# Almondsbury Aquatic Centre



## molegolledge (Nov 14, 2008)

Anyone been to Almondsbury Garden Centre, they have a big aquatic place and a good reptile section with all the dry goods you should need, i would say probably the best selection in bristol i have seen, defo worth a look if passing by.


----------



## Smigsy (Jul 30, 2009)

Where in almonsbury is this mate?

Edit: also what's the prices like?


----------



## kye13 (Jul 25, 2011)

prices r good,my brother-in-law sold em some carpet pythons so there always looking to buy in stock,best looking reps in bristol,clean,well kept,nice condition,good for live food and frozen,even the acc's r a good price and no am not on commission :whistling2:


----------



## molegolledge (Nov 14, 2008)

Yes prices are very good, i get everything i need there for all my reptiles,
this is their address

Almondsbury Garden Centre
Over Lane
Almondsbury
Bristol
BS32 4BP


----------



## Smigsy (Jul 30, 2009)

Just been to here and was a little dissapointed, there frozen food sizes all seem to be out by a size. Large rats were medium at best and their large mice were very small and thy didn't have rats in other sizes for me to try a different size. 

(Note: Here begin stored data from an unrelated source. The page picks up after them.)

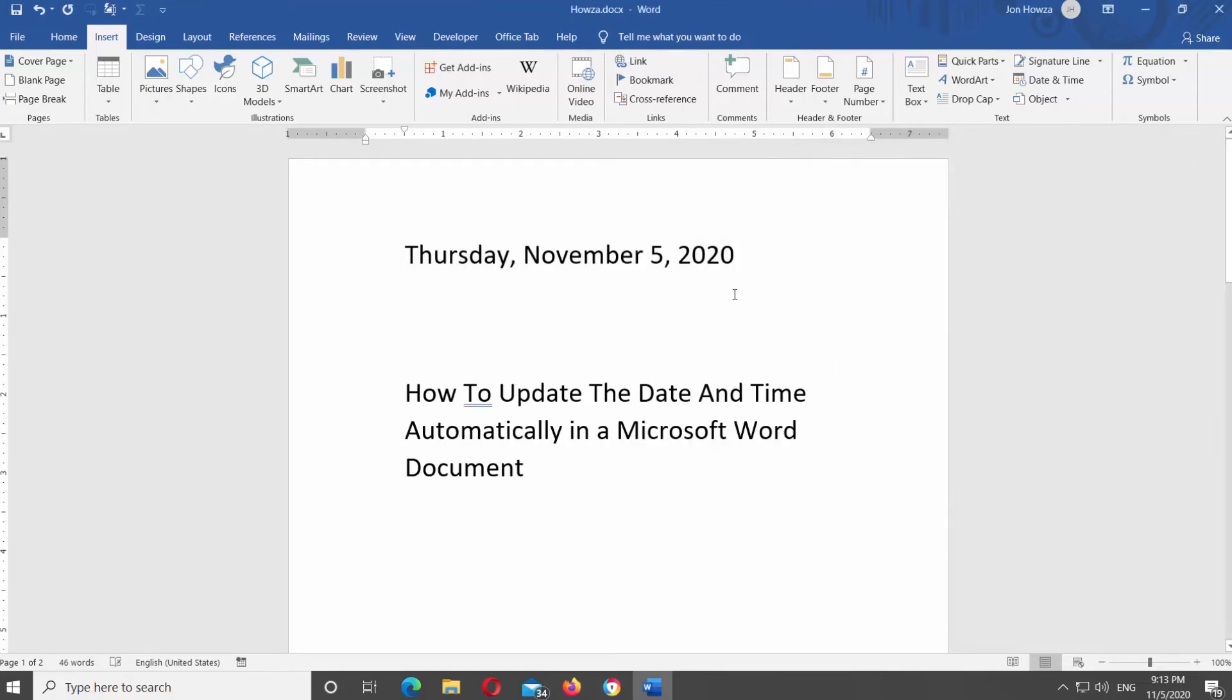You can insert the date from the Date and Time option. Go to Insert tab at the top panel. Click on Date and Time. Select the date format from the list.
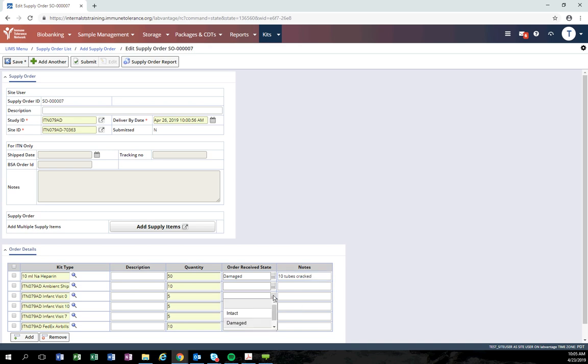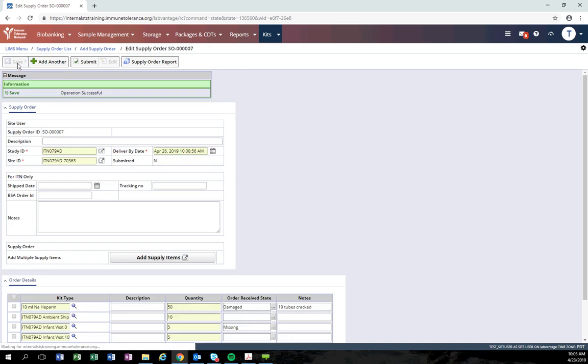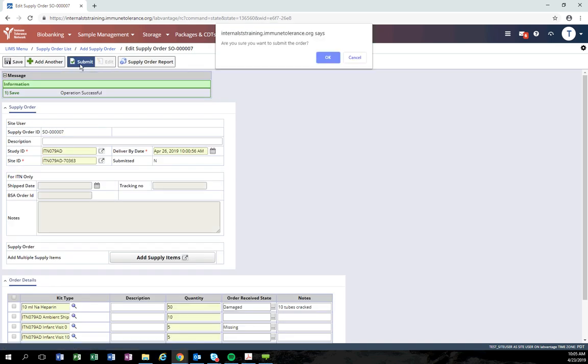If an order is completely received without any issues, you do not need to enter the information about the received status. We ask you to only enter information for issues with an order. After you've entered the received state issues and notes, be sure to click save and the submit button.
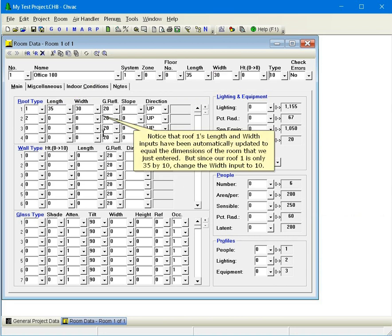Notice that roof 1's length and width inputs have been automatically updated to equal the dimensions of the room that we just entered. But since our roof 1 is only 35 by 10, change the width input to 10.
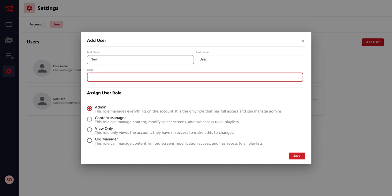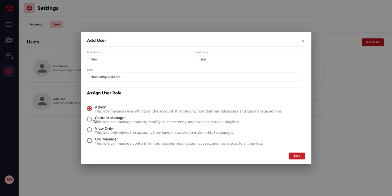Type in the first and last name of the user, and then the email for that new user. You can choose the type of user you would like to create. In this instance, I would only like them to be a Content Manager.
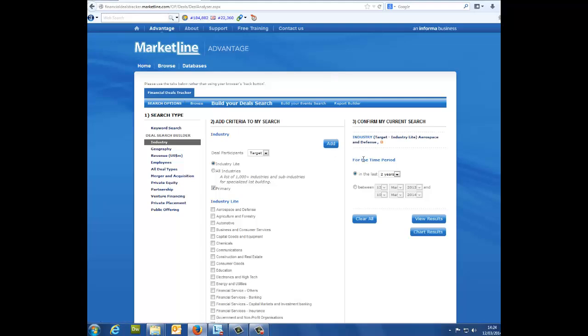3, confirm my current search: Simply outline the time frame you want to see your report details for and click on the button which offers the results in the way you want to see.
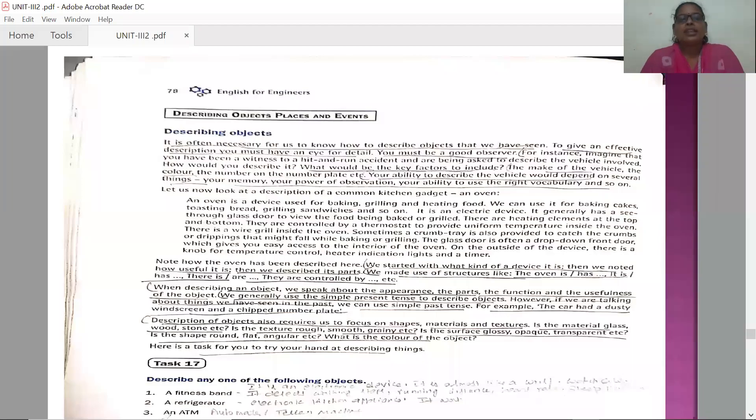This class we are going to learn describing objects, places and events. Why do we need to describe objects, places and events?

Apart from that they have a nice selection of animals the usual corns, kings, bearded dragons and some you don't always see in shops such as anoles, poison arrow frogs, crestie morphs, a young Bosc and a few different types of tortoise. Their animals prices varied some were expected and some suprising bearded dragons £35 as expected but a young BRB was £280 and the frogs were £60 and up which I thought was quite expensive.

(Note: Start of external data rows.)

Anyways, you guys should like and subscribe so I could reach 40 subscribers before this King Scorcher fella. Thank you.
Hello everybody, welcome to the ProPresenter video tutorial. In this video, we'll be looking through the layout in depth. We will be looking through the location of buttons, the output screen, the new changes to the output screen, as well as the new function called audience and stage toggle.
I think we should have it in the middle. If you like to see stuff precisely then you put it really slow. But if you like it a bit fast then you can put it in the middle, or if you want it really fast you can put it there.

They had a massive range of equipment (some I never even knew existed which was priced as expected and all their live food was alive and only £2 a tub. 

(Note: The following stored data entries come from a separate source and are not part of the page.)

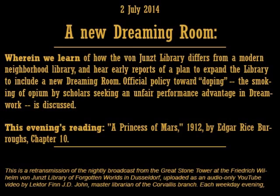Tonight we will be reading Chapter 10 of A Princess of Mars by Edgar Rice Burroughs, the 1912 documentary of Mr. Burroughs' uncle, John Carter of Mars. But first, I have some exciting news to share about the von Junst Library of Forgotten Worlds main Dusseldorf branch.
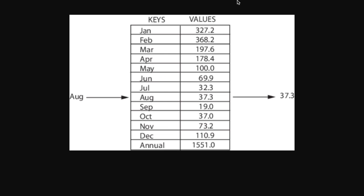This is a visual representation of a map. So you have these keys that in this case are all months, and then you have the values, which are what the keys correspond to. When you're using a map, first you would enter all these key-value pairs, and then later you may want to look up a value. So you would look up the August key, and then it would give you out this value, 37.3.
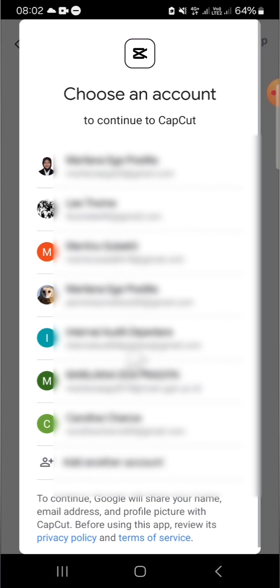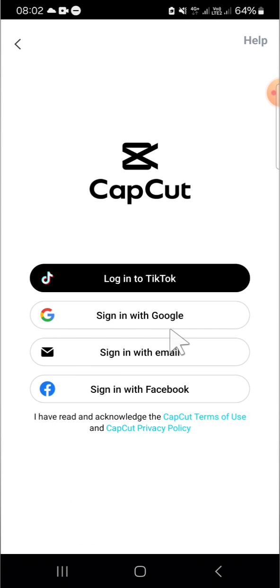These are the Google accounts on my device. I'm going to select one of them. For instance, I'll go with this account. Just wait for a moment, it's still loading.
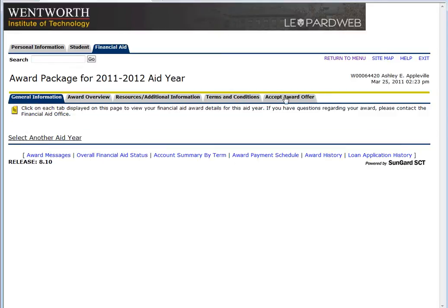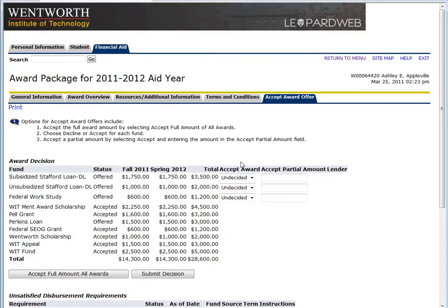From there you just want to click Accept Aid Award. It's going to take you to a screen that shows your financial aid for the year, including subsidized and unsubsidized Stafford loans, as well as work study and any other aid that you're eligible for.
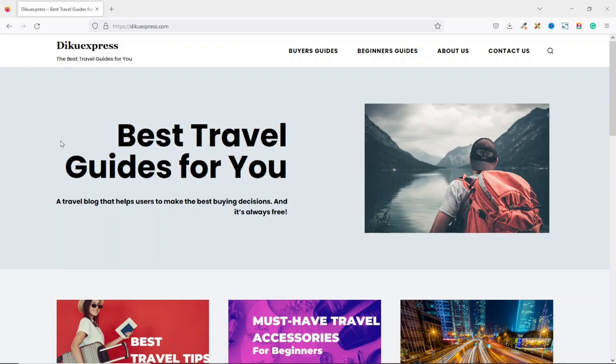This website is a completely done-for-you website. All what you need to do is go ahead and download it, import it onto your own website, and you are good to go.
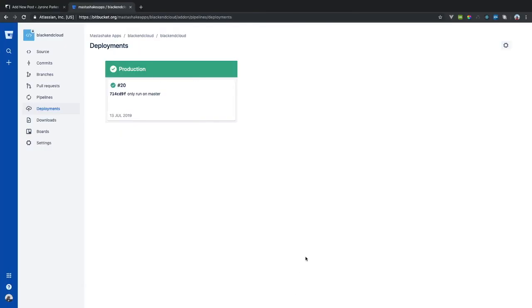Good evening everyone. Welcome to my latest video. Today I am doing a tutorial on how to set up your Laravel Continuous Integration using Bitbucket's pipeline system.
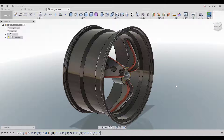Hello boys and girls and welcome back to my channel. One of you guys asked me to create a tutorial about how to create different car parts, so I decided I'm gonna show you how to create a rim.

Staff were hard to find but there was quite a few people in the shop and the staff were stretched between reps and aquatics so was understandable. Didn't really question them as they helped me with frozen which is kept out the back even though I didn't buy as rodetns were too small staff were friendly and polite

Hope this helps other people


----------



## AlmondsburyReptiles (Jul 26, 2011)

Hey, just wanted to say thanks for the feed back, we follow this site and will take on board the comments.
Sorry to hear that the frozen foods were smaller than expected, we purchase them for a large wholesaler. we will make thougher enquires in to sizes.
We do aim to provide to best pricing that we can, along with a diverse range of live stock. Something for eveyones taste and hopfully wallet. 
We are always on the look out for local breeders, we been lucky to find a great local breeder of Rankins dragons and Leopard geckos. 
If we don't have an item in store, let us know and we will try and get hold of it.
Cheers


----------